Adam Lefstein is Associate Professor and Chair of the Department of Education at the Ben-Gurion University of the Negev in Israel, where he conducts research and teaches about pedagogy, classroom interaction, teacher learning and educational change.  He is particularly interested in the intersection between research and professional practice, and how to conduct research that is meaningful, rigorous and helpful for educators.  He co-directs (with Dana Vedder-Weiss) the Laboratory for the Study of Pedagogy, an interdisciplinary research group that investigates Israeli pedagogy, schooling, educational policy and change, and processes of knowledge sharing with practitioners, policy-makers and the public.  His current and recent research includes a study of Israeli culture and primary pedagogy, an investigation of video-based dialogic debrief conversations, a design-based implementation study of teacher leadership and professional discourse, an experimental study of academically productive talk in primary language classrooms and an ethnographic investigation of language, class and classroom participation.

Eugene Matusov, School of Education University of Delaware, Newark, DE, United States

Eugene Matusov is a Professor of Education at the University of Delaware.

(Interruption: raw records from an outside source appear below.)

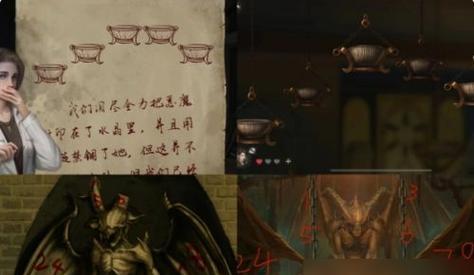 《回声探路》游戏白章第五关攻略（探索迷宫，找到通往下一关的出口）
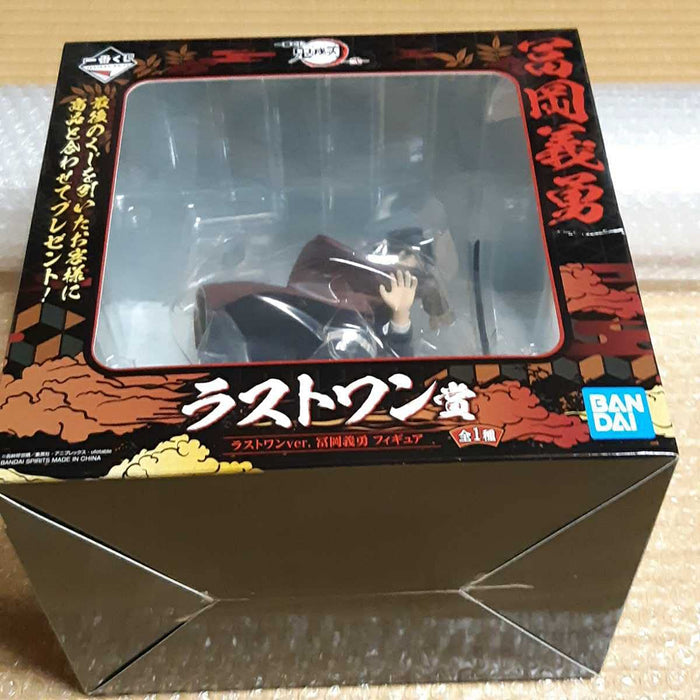 Demon Slayer Ichiban Kuji Demon Blade 2 Last One Award Figure Yoshiyuki Tomioka Japan- Japan Figure Store - #1 Bring To You The Best Japanese Goods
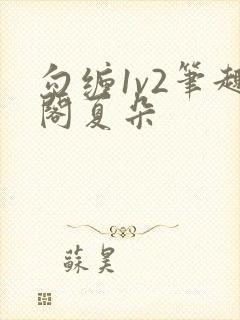 勾缠1v2笔趣阁夏朵封面
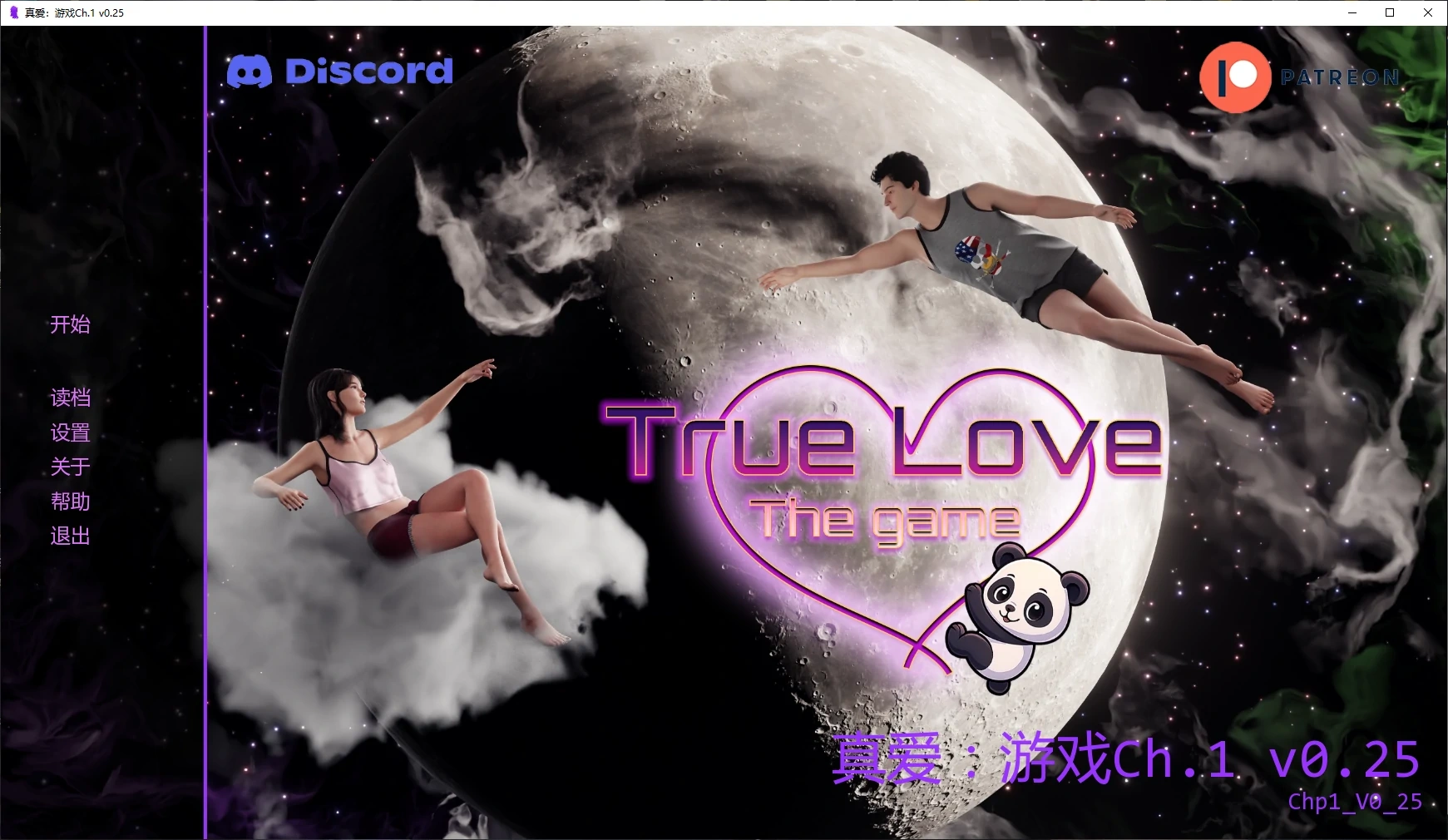 b3425真爱：游戏Ch.1 v0.25 AI汉化版【PC+安卓/1.9G/更新】-acg畅游网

He studied developmental psychology with Soviet researchers working in the Vygotskian paradigm and worked as a schoolteacher before immigrating to the United States. He uses sociocultural and Bakhtinian dialogic approaches to education. His recent books are: Matusov, E. (2017). Nikolai N. Konstantinov’s authorial math pedagogy for people with wings, Matusov, E. & Brobst, J. (2013). Radical experiment in dialogic pedagogy in higher education and its Centauric failure: Chronotopic analysis, and Matusov, E. (2009). Journey into dialogic pedagogy.

Alina Reznitskaya, Montclair State University, USA

Alina Reznitskaya is a Professor at Montclair State University, USA. She received her doctoral degree in Educational Psychology from the University of Illinois and did her post-doctoral research at Yale University. Alina has acquired expertise in educational psychology, quantitative research methodology, and educational measurement, and she teaches undergraduate and graduate courses on these topics. Alina’s research interests include investigating the role social interaction plays in the development of argument literacy, designing measures of argumentation, and examining professional development efforts that help teachers learn to facilitate argumentation during class discussions. Alina has been awarded research grants by the Spencer Foundation and the U.S. Department of Education, Institute of Education Sciences. Dr. Reznitskaya’s work has appeared in a variety of journals and edited books, including Educational Psychologist, The Reading Teacher, Contemporary Educational Psychology, Cambridge Journal of Education, Elementary School Journal, Discourse Processes, Comprehension Instruction: Research-Based Best Practices, and Positive Psychology in Practice.